Problem statement –
Each entry must be restated word for word, with nothing omitted.

##############################

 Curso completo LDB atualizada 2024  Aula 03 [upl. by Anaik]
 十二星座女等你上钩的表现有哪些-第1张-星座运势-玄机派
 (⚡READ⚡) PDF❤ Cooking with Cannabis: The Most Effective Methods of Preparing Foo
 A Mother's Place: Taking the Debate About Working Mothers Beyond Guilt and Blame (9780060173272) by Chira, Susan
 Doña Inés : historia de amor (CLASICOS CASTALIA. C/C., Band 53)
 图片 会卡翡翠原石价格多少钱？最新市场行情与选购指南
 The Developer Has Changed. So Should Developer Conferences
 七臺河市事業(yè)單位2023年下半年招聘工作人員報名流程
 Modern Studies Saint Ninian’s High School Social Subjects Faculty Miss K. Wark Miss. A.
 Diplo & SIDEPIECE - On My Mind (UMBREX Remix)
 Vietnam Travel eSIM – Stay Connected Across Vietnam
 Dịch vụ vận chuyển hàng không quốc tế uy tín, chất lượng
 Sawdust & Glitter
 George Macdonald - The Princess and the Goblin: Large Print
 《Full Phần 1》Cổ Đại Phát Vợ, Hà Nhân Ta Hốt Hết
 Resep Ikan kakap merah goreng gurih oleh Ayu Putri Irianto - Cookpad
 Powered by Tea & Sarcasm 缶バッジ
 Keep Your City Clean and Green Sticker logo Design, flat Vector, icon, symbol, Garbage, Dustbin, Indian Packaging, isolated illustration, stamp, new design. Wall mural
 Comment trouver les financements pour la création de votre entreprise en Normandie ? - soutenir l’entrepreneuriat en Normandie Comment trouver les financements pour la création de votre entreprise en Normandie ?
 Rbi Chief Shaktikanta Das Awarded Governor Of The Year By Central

##############################

Written answer –
 Curso completo LDB atualizada 2024  Aula 03 [upl. by Anaik]
 十二星座女等你上钩的表现有哪些-第1张-星座运势-玄机派
 (⚡READ⚡) PDF❤ Cooking with Cannabis: The Most Effective Methods of Preparing Foo
 A Mother's Place: Taking the Debate About Working Mothers Beyond Guilt and Blame (9780060173272) by Chira, Susan
 Doña Inés : historia de amor (CLASICOS CASTALIA. C/C., Band 53)
 图片 会卡翡翠原石价格多少钱？最新市场行情与选购指南
 The Developer Has Changed. So Should Developer Conferences
 七臺河市事業(yè)單位2023年下半年招聘工作人員報名流程
 Modern Studies Saint Ninian’s High School Social Subjects Faculty Miss K. Wark Miss. A.
 Diplo & SIDEPIECE - On My Mind (UMBREX Remix)
 Vietnam Travel eSIM – Stay Connected Across Vietnam
 Dịch vụ vận chuyển hàng không quốc tế uy tín, chất lượng
 Sawdust & Glitter
 George Macdonald - The Princess and the Goblin: Large Print
 《Full Phần 1》Cổ Đại Phát Vợ, Hà Nhân Ta Hốt Hết
 Resep Ikan kakap merah goreng gurih oleh Ayu Putri Irianto - Cookpad
 Powered by Tea & Sarcasm 缶バッジ
 Keep Your City Clean and Green Sticker logo Design, flat Vector, icon, symbol, Garbage, Dustbin, Indian Packaging, isolated illustration, stamp, new design. Wall mural
 Comment trouver les financements pour la création de votre entreprise en Normandie ? - soutenir l’entrepreneuriat en Normandie Comment trouver les financements pour la création de votre entreprise en Normandie ?
 Rbi Chief Shaktikanta Das Awarded Governor Of The Year By Central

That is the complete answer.